Trapping of Rayleigh Spheroidal Particles Using Tightly Focused Higher-Order Vector Vortex Beams

Abstract

Considering the advantages of higher-order vector vortex beams (HOVVBs) with their diverse intensity distribution of the focal field and adjustable longitudinal field component, we investigated the optical forces and torques on Rayleigh spheroidal particles induced by tightly focused HOVVBs based on the Rayleigh scattering model and dipole approximation. It was found that the maximal optical forces were obtained when the major axis of the Rayleigh spheroidal particles was parallel to the x–y plane. We achieved the three-dimensional stable trapping of Rayleigh spheroidal particles at the focus by using an HOVVB. Further analysis showed that the optical torque caused the major axis of the spheroidal particle to rotate towards the x–y plane, which is conducive to the large-scale stable trapping of Rayleigh spheroidal particles in the two-dimensional plane.

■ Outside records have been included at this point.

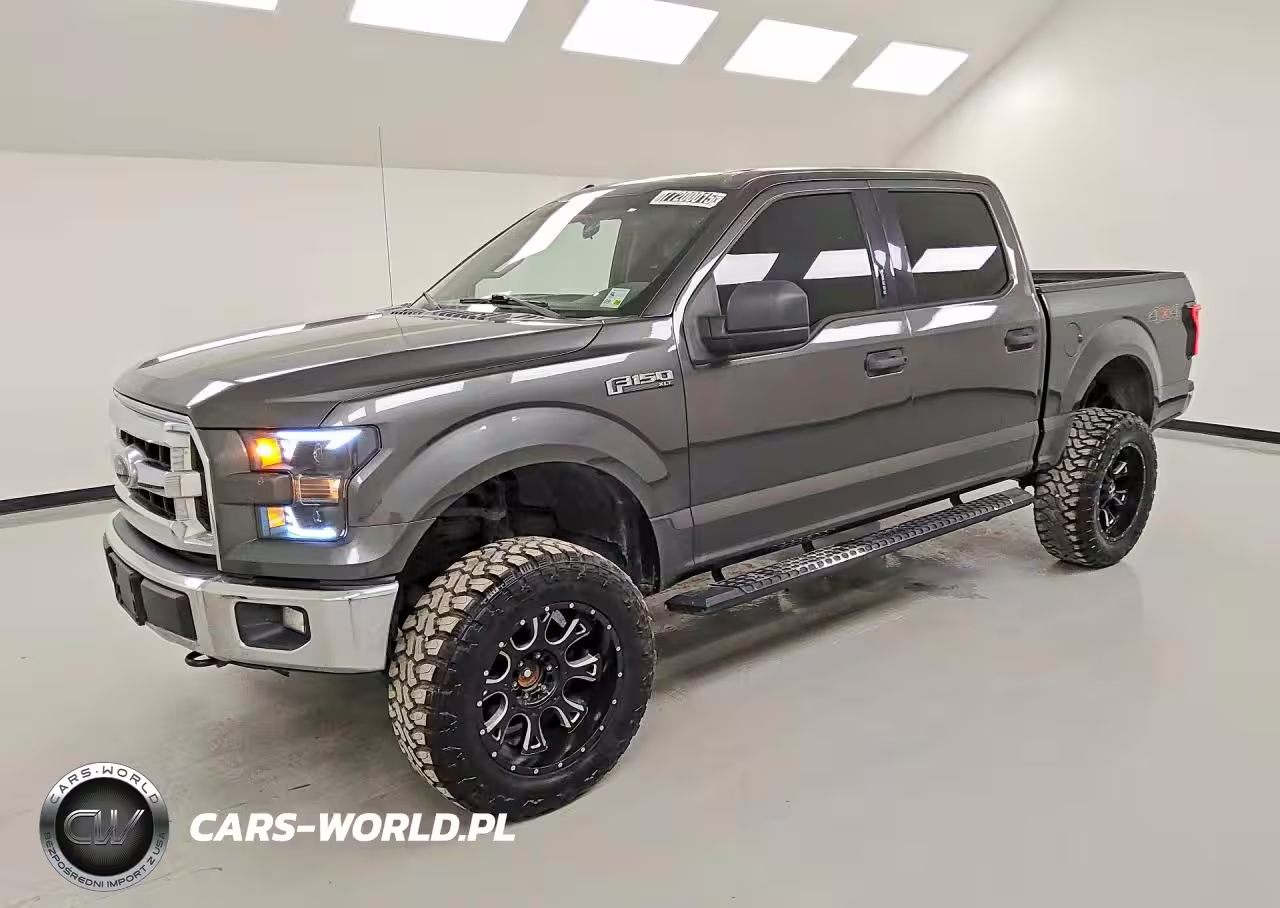 2016 Ford F150 Supercrew – zdjęcie 1 z 13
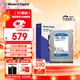 西部數據（WD）臺式機械硬盤(pán) WD Blue 西數藍盤(pán) 2TB 7200轉 256MB SATA DIY裝機電腦硬盤(pán) 3.5英寸 WD20EZBX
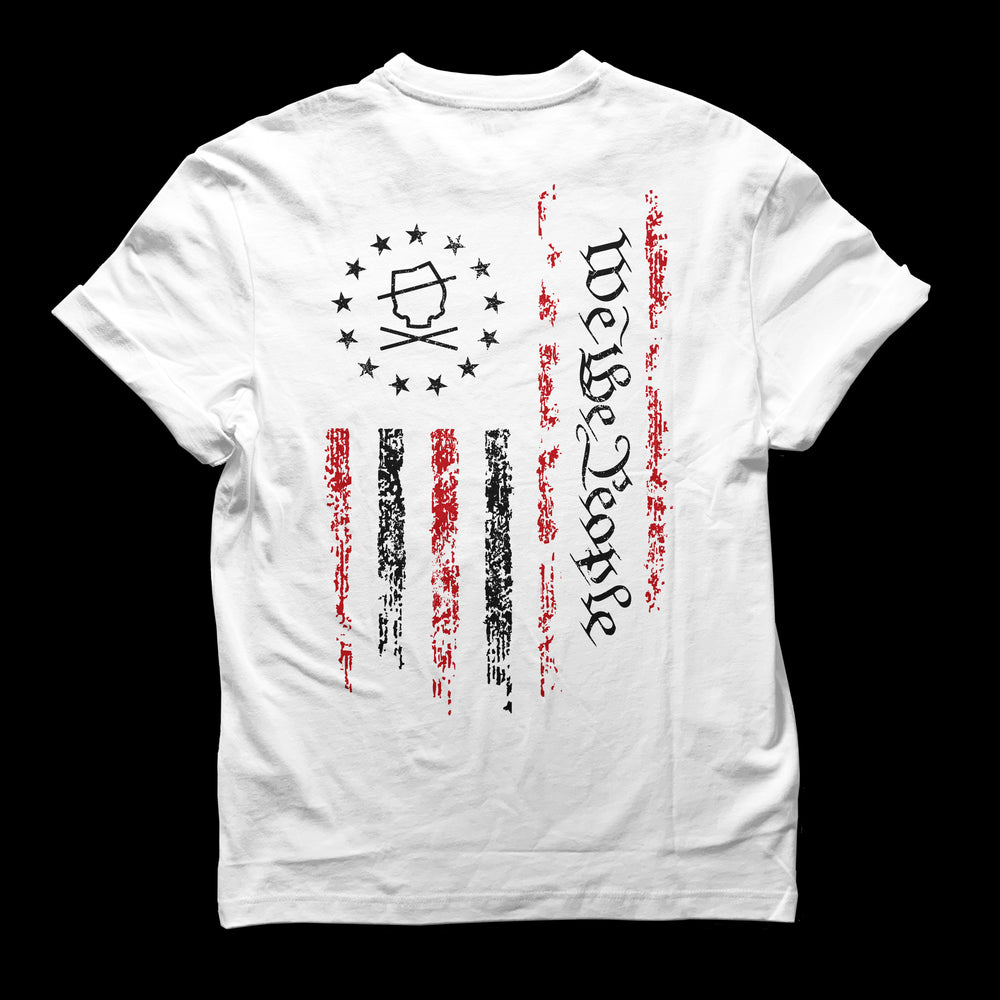 
                      
                        Battle Flag Fitted Tee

Moreover, the optical torque Γx could achieve a maximum of 0.869 pN·nm at φ0 = 90° and 270°, while Γy could achieve a maximum of 0.869 pN·nm at φ0 = 0° and 180° for the case of θ0 = 30°. Our findings provide a clear strategy for extending the degrees of freedom in the control of the beam. We envision a significant role for these results in optical micro-manipulation.